[Given data]
Start of Block
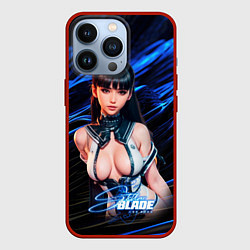 Чехол iPhone 13 Pro Stellar Blade sexy Eve в открытом костюме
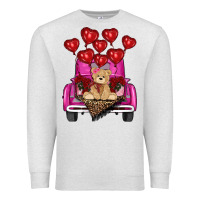 Oatmeal Heather Valentine's day tedybear truck Premium Sweatshirt - RanaPortraitStore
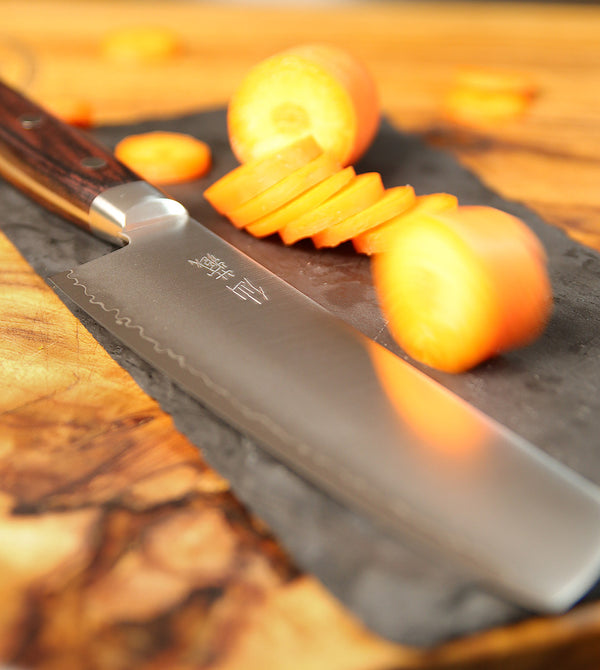 Japanese nakiri knife is perfect for vegetable prep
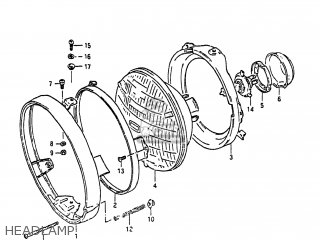 HEADLAMP - GS650G 1982 (Z) USA (E03)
End of Block
[Requirement]
The whole listing should be printed again exactly as written, images excluded.

[Reply to the exercise]
 Чехол iPhone 13 Pro Stellar Blade sexy Eve в открытом костюме
 Oatmeal Heather Valentine's day tedybear truck Premium Sweatshirt - RanaPortraitStore
 Japanese nakiri knife is perfect for vegetable prep
 HEADLAMP - GS650G 1982 (Z) USA (E03)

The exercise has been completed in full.